Dang Alpine...what's more important...a UBA shoot or Gerald? Get your priorities in order...screw the UBA shoots...lets do this...


----------



## proutdoors (Sep 24, 2007)

wapiti67 said:


> Dang Alpine...what's more important...a UBA shoot or Gerald? Get your priorities in order...screw the UBA shoots...lets do this...


WATCH YOUR MOUTH! I see no reason to hose one archery group for the benefit of another. I am sure we can find a day/time where no one gets the 'shaft'. I doubt Gerald wants to step on the toes of UBA and vice versa. UBA shoots are planned out in October and are not easy to reschedule, I am sure there is wiggle room if we are willing to find it. _(O)_


----------



## .45 (Sep 21, 2007)

You guys going to get along on this, or do I need to intervene..?? :evil:


----------



## north slope (Sep 8, 2007)

proutdoors said:


> wapiti67 said:
> 
> 
> > Dang Alpine...what's more important...a UBA shoot or Gerald? Get your priorities in order...screw the UBA shoots...lets do this...
> ...


This is why Pro is going to help us with this shoot so we do step on anyone toes.  How about march 1st ?


----------



## wapiti67 (Oct 2, 2007)

Ok...how about an immediate solution....put one of those water bottles, like you see at Walmart, on the counter at UAC with a sign thats says "Utah Wildlife Network fundraiser" and when you go in, throw 5 or 10 bucks in the bottle for Gerald...he can empty it every night so that doesnt get stolen too..we all know that Gerald constantly tunes bows and fixes problems and never charges a dime...well, dig alittle guys and put some cash down...if we can raise 1200 dollars in a night for deer feeding, we can sure raise at least that with pocket money every time you go in...
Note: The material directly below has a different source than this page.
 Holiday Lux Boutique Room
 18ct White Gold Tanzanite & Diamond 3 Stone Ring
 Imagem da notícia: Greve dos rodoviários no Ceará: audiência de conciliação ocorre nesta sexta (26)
As for my comment about UBA...I wasnt dogging them Pro...I'm just saying that I think this shoot has alittle more justification...and YOU should be the first to see that!!


----------



## wapiti67 (Oct 2, 2007)

or....throw $5 in your envelope for those UWN stickers and have Peterson give the money to Gerald...lots of ways to do this...let's just get it done.


----------



## Finnegan (Sep 7, 2007)

Why not just piggy back on a UBA event? UBA supports UAC and vice versa. I don't see any reason for a conflict of schedules or interests here at all. Can't hurt to ask.


----------



## alpinebowman (Sep 24, 2007)

Wapiti67. I have known gerald since I got into archery 6 years ago and I would do anything to help him. Hell I was there on new years day 2 years ago helping him build the new shop. Just ask him who helped above and beyond with the new shop and me and my buddies are right on top. I mention the uba shoots because I do want to help G. If we conflict we won't get the crowds that are possible to get the full benifit. That is why we have the UBA schedule so we don't pull people away from the other clubs and events.


----------



## north slope (Sep 8, 2007)

Throw out a date... Anyone??


----------



## alpinebowman (Sep 24, 2007)

March 1st or 15th are both clear of other shoots. The 15th may be better to allow more time to get the word out. We will need somebody to make a flyer to put at the shop.


----------



## Mountain Time (Sep 24, 2007)

My vote is March 1st.....but Finn's idea to piggy back a UBA event is not a bad one either. Pro, Alpine, what do you guys think?


----------



## alpinebowman (Sep 24, 2007)

Mountain Time said:


> My vote is March 1st.....but Finn's idea to piggy back a UBA event is not a bad one either. Pro, Alpine, what do you guys think?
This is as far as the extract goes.